Gender Bending Detective Fiction PDF Author: Heather Duerre Humann
Publisher: McFarland
ISBN: 1476628416
Category : Literary Criticism
Languages : en
Pages : 200

Book Description
Since the middle of the last century, views on gender norms have shifted dramatically. Reflecting these changes, storylines that involve cross-dressing and transgender characters have frequently appeared in detective fiction--characters who subvert the conventions of the genre and challenge reader expectations. This examination of 20th and 21st century crime novels reveals what these narratives say about gender identity and gender expression and how they contributed to the evolution of detective fiction.

Gender Bending Detective Fiction

Gender Bending Detective Fiction PDF Author: Heather Duerre Humann
Publisher: McFarland
ISBN: 1476628416
Category : Literary Criticism
Languages : en
Pages : 200

Book Description
Since the middle of the last century, views on gender norms have shifted dramatically. Reflecting these changes, storylines that involve cross-dressing and transgender characters have frequently appeared in detective fiction--characters who subvert the conventions of the genre and challenge reader expectations. This examination of 20th and 21st century crime novels reveals what these narratives say about gender identity and gender expression and how they contributed to the evolution of detective fiction.
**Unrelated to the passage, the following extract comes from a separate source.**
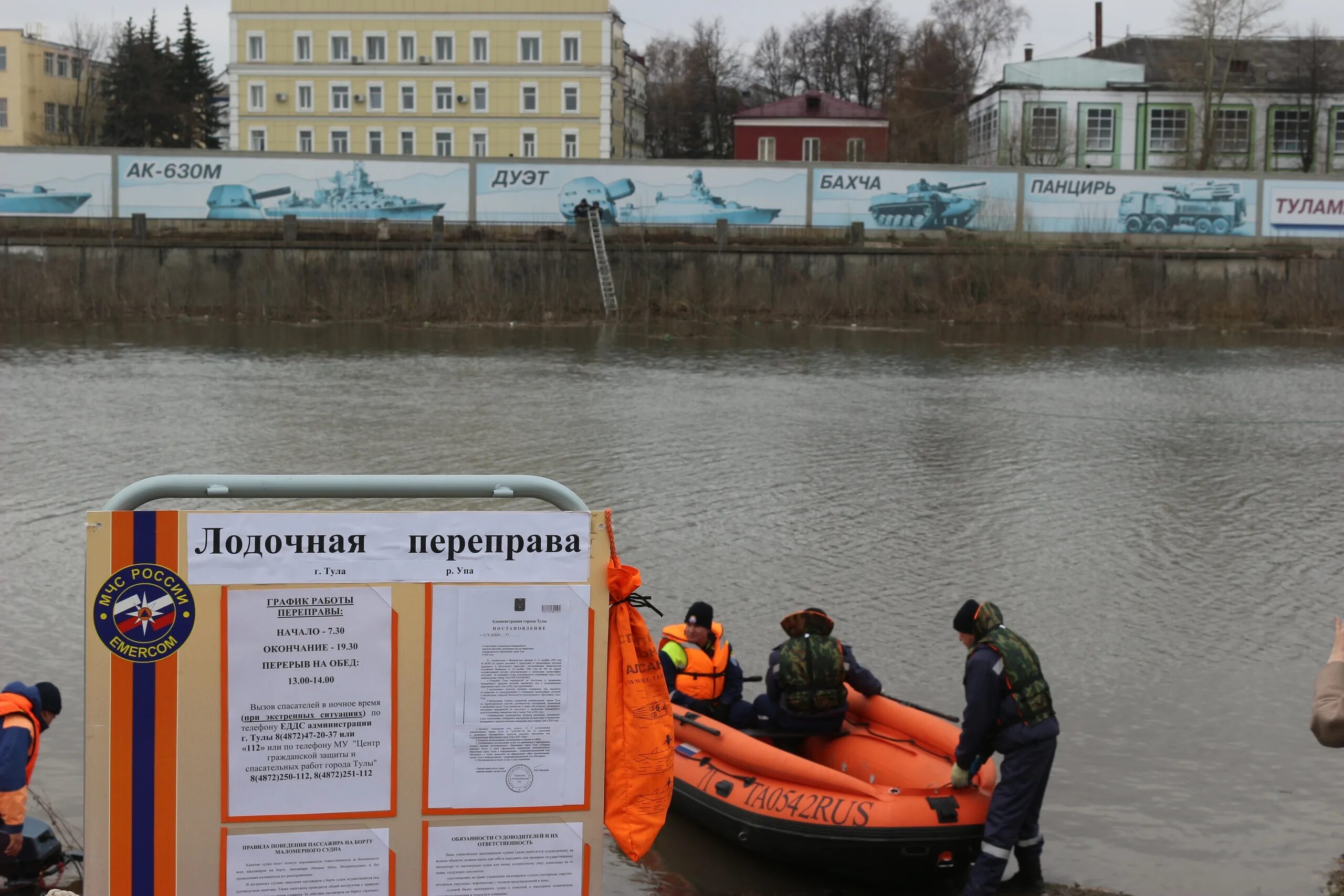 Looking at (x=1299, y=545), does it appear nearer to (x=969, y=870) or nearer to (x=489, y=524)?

Gender Bending Detective Fiction

Gender Bending Detective Fiction PDF Author: Heather Duerre Humann
Publisher: McFarland
ISBN: 1476668205
Category : Literary Criticism
Languages : en
Pages : 200

Book Description
Since the middle of the last century, views on gender norms have shifted dramatically. Reflecting these changes, storylines that involve cross-dressing and transgender characters have frequently appeared in detective fiction--characters who subvert the conventions of the genre and challenge reader expectations. This examination of 20th and 21st century crime novels reveals what these narratives say about gender identity and gender expression and how they contributed to the evolution of detective fiction.

The Woman Detective

The Woman Detective PDF Author: Kathleen Gregory Klein
Publisher: University of Illinois Press
ISBN: 9780252064630
Category : Literary Criticism
Languages : en
Pages : 300

Book Description
Kathleen Gregory Klein traces female paid, professional private investigators in British, Canadian, and American novels, revealing that the detective novel is both a reflection of and potential barrier to social change for women. This edition adds sixty new female private eyes to the roster and includes an afterword that assesses the current state of the genre's new and old novels. A comprehensive bibliography and a character list update the field through mid-1994.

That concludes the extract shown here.